Covid-19 can affect pregnant people because they become an extremely sensitive group during any pandemic of viral infections due to altered immune functions and susceptibility to infection. In addition, SARS-CoV-2 infection has been reported to potentially affect the placenta and cause placental pathology.
Vaccines against SARS-CoV-2 have been recommended for all people including pregnant patients. To the best of our knowledge, the prevalence of placental pathology in vaccinated pregnant patients with active SARS-CoV-2 infection has not yet been compared with those unvaccinated cases. We therefore aimed to address whether vaccination can prevent the development of placental disease in SARS-CoV-2 infected mothers and found that vaccination has a preventive effect.
There are some limitations of our study including the lack of ability to identify causal mechanisms, lack of pregnancy and neonatal outcomes data, and small number of vaccinated and unvaccinated cases. Besides, it is not possible to compare placental findings by type of vaccine because all patients were vaccinated with the same type of vaccine.

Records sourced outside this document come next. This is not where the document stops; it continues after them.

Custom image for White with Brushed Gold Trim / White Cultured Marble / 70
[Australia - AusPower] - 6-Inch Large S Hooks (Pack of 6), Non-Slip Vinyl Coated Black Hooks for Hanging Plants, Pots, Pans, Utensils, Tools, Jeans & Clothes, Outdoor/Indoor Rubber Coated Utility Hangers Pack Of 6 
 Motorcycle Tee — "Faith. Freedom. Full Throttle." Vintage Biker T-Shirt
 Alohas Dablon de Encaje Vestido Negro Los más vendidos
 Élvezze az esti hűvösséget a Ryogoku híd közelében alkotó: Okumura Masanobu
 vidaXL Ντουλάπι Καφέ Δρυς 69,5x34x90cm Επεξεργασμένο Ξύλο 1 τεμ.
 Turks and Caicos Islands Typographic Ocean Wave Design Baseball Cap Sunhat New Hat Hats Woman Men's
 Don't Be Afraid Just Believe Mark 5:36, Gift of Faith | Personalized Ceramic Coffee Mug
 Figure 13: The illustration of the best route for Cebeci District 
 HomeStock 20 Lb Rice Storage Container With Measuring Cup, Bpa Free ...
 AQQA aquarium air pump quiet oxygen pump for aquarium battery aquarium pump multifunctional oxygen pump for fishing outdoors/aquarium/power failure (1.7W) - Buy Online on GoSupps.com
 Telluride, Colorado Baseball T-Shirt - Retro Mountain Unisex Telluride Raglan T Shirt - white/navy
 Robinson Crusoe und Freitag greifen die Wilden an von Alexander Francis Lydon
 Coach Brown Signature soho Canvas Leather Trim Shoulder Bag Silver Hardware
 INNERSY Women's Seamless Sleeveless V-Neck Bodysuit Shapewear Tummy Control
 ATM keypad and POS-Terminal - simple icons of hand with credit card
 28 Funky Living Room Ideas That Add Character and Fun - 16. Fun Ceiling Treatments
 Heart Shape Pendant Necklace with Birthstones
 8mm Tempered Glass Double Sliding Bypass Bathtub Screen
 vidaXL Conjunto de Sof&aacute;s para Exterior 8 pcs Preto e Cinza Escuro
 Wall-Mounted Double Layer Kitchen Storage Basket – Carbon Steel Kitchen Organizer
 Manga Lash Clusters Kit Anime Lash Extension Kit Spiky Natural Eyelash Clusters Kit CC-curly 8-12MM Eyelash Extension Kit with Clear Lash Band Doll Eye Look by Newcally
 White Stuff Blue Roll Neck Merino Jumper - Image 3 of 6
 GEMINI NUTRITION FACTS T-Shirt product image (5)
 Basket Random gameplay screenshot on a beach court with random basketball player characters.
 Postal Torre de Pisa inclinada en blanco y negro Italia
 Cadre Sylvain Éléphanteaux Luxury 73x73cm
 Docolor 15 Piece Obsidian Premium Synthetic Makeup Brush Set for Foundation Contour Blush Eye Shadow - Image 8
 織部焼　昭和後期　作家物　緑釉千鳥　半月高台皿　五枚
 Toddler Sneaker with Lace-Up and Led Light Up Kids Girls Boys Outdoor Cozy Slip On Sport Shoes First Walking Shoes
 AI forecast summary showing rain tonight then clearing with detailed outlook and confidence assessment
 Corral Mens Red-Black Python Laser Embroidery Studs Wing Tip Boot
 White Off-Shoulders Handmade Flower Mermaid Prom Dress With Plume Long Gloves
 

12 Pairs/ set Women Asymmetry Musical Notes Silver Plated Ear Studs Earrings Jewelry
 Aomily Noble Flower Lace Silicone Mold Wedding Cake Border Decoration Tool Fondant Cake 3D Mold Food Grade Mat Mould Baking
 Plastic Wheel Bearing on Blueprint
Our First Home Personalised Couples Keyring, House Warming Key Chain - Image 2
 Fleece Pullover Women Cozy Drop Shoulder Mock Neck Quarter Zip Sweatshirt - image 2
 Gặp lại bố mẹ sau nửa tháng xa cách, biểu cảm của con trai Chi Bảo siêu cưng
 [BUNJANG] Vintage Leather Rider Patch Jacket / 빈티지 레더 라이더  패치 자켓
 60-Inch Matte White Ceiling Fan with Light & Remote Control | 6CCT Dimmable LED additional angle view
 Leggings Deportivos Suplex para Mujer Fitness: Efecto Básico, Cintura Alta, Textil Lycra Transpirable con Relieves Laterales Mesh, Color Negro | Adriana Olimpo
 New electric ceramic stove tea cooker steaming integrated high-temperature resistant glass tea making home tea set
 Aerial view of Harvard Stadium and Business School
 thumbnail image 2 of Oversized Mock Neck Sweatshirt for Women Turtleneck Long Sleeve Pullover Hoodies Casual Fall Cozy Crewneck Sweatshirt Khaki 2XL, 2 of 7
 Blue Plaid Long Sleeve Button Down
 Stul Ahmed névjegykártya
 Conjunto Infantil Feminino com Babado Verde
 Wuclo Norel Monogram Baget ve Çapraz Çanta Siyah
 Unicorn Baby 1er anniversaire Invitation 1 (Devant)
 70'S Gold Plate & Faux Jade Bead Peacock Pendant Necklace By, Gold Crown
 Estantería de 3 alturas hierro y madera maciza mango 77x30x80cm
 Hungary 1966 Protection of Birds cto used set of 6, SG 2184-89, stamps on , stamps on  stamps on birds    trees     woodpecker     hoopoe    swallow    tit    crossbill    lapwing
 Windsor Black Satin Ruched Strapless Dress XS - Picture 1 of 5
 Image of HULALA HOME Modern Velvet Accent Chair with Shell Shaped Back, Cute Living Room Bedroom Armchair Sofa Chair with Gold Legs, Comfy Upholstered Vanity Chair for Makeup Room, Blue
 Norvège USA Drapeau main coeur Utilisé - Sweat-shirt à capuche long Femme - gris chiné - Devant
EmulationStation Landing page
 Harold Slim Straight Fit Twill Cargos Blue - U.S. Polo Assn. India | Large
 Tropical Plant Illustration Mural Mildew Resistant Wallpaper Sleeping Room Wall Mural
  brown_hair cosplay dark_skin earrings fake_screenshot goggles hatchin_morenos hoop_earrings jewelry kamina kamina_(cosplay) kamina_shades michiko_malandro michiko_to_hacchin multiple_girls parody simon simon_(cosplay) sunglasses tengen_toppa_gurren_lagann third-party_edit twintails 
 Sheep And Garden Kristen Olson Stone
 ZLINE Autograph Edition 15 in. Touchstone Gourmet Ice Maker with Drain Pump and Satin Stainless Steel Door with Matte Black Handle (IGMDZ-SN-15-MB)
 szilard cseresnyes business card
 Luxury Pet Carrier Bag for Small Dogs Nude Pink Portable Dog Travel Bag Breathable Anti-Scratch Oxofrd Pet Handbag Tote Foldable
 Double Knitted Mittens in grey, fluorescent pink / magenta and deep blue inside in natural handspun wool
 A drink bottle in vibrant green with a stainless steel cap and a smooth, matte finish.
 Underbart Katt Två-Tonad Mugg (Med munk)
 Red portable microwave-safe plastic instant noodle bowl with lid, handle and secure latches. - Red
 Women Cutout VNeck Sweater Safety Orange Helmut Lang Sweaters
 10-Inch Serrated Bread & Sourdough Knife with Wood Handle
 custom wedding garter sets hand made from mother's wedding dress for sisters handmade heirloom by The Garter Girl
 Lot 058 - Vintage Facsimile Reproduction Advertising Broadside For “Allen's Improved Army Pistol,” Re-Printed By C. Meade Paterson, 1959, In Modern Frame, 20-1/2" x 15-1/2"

Despite limitations in the study, our findings reveal that SARS-CoV-2 vaccination in pregnancy is associated with a significantly lower prevalence of pathological changes in the placenta. Thus, COVID-19 vaccination likely lowers the risk of newborn morbidity in pregnant patients with SARS-CoV-2, minimizing the impact of the virus on the placenta and fetal environment. In addition, our findings add to the growing literature supporting the effect of SARS-CoV-2 infection in pregnancy on development of placental pathologies.
In conclusion, we compared placental pathology in pregnant COVID positive patients who were and were not vaccinated. Our findings show that vaccination can protect their placenta and prevent development of the placental pathologies.